Ob im Silicon Valley oder im Berner Oberland: Wer ein Start-up gründet, ist meistens ein Mann. In der Schweiz ist laut Studien nur jedes fünfte Gründungsmitglied eines Start-ups eine Frau. Bei Tech-Unternehmen sogar nur jedes Zehnte.
Frauen haben gerade im ländlichen Raum Mühe, ihre eigene Firma auf die Beine zu stellen und Geld dafür aufzutreiben.
«Grossstädte» wie Zürich sind dem Land weit voraus
«Mut zur Chefin»: Darum steigt in Thun ein Start-up-Workshop exklusiv für das weibliche Geschlecht. Denn Frauen zweifelten stärker an sich und seien weniger selbstsicher, so Workshop-Organisatorin Monika Keller vom Wirtschaftsraum Thun. Und sie müssten oft Kinderbetreuung, Haushalt und Beruf unter einen Hut bringen. Da wolle man Gegensteuer geben.
Frauen arbeiten hier oft in kleinen Pensen, wenn sie überhaupt auswärts arbeiten.
Aber zementiert der Frauenanlass nicht gerade ein Rollenbild, das längst überholt ist? In ländlichen Regionen sei dies nicht so, führt Monika Keller aus. «Frauen arbeiten hier oft in kleinen Pensen, wenn sie überhaupt auswärts arbeiten». Die Situation sei nicht zu vergleichen mit einer Grossstadt wie Zürich.
Rollenbilder als Knacknuss: Professorin Susan Müller vom für Institut für «Innovation und Unternehmertum» der Berner Fachhochschule sieht das ähnlich. Es sei nach wie vor eine Tatsache, dass sich Frauen während der Familienphase beruflich häufig zurücknähmen und dadurch weniger Zeit und Geld für Unternehmensgründungen haben.

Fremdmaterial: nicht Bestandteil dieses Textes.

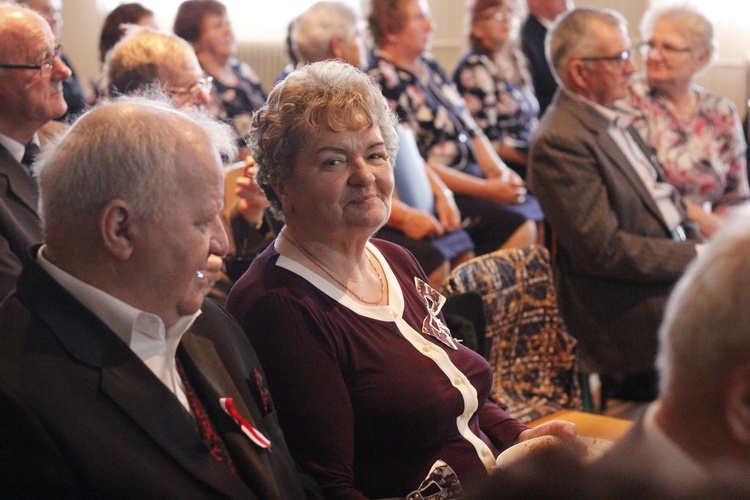 III Wędrujący Senioralny Festiwal pieśni patriotycznej i piosenki żołnierskiej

Gründerinnen sollen mehr Präsenz erhalten
Die Aussenwahrnehmung sei ein weiterer Faktor: «Wenn wir über Unternehmensgründungen sprechen, werden oftmals Beispiele von Männern herangezogen.» Man sollte darauf achten, mehr Beispiele von Gründerinnen zu nennen. Insbesondere Vorbilder, die technologieorientierte Start-ups vorangetrieben hätten.
Ein Hauptproblem sei, dass sich Frauen einfach weniger zutrauten, wenn es um Wissen, Kompetenzen und Erfahrungen gehe, so Müller. «Da können wir mit Workshops zur Unternehmensgründung dagegenhalten». Eine Schwierigkeit sei weiter, dass sich Frauen weniger bei innovativen Tech-Start-Ups beteiligten.

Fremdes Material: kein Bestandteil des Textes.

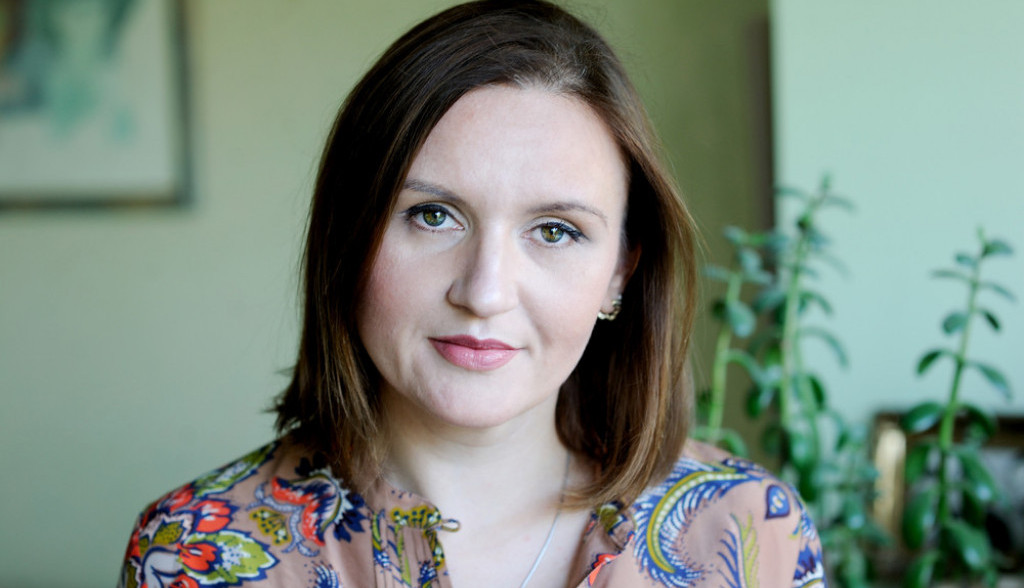 žena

Mehr Kapital für weibliche Start-ups
Zudem haben Frauen mehr Probleme, Investoren und Investorinnen für ihre Geschäftsideen zu finden. Nur gerade vier Prozent des gesamten Kapitals, das in den letzten Jahren in Schweizer Start-ups investiert wurde, ist in Unternehmen in Frauenhand geflossen.
Das soll sich ändern. Letzten Herbst wurde in Lugano ein neuer Investmentfonds lanciert für die Bereiche digitale Wirtschaft, Deeptech und Medizinaltechnik. Das Besondere daran: Investiert wird ausschliesslich in Start-ups, welche von Frauen geführt werden.
«Es ist eine Tatsache, dass es Frauen schwerer haben, Kapital zu beschaffen und dass sie härter arbeiten müssen, um ihre Fähigkeiten zu beweisen», sagte die Tessiner Risikokapitalgeberin Jacqueline Ruedin Rüsch zur «Handelszeitung».
Um Gegensteuer zu geben, gehen Frauen auch in den urbanen Regionen in die Offensive. Und zwar gemeinsam. In Zürich gibt es ebenfalls Start-up-Workshops nur für Frauen. Dort lernen die Frauen, mit Investorinnen und Investoren zu verhandeln und Selbstmarketing zu betreiben. «Da wollen auch wir in Zukunft hin», sagt die Berner Oberländerin Monika Keller.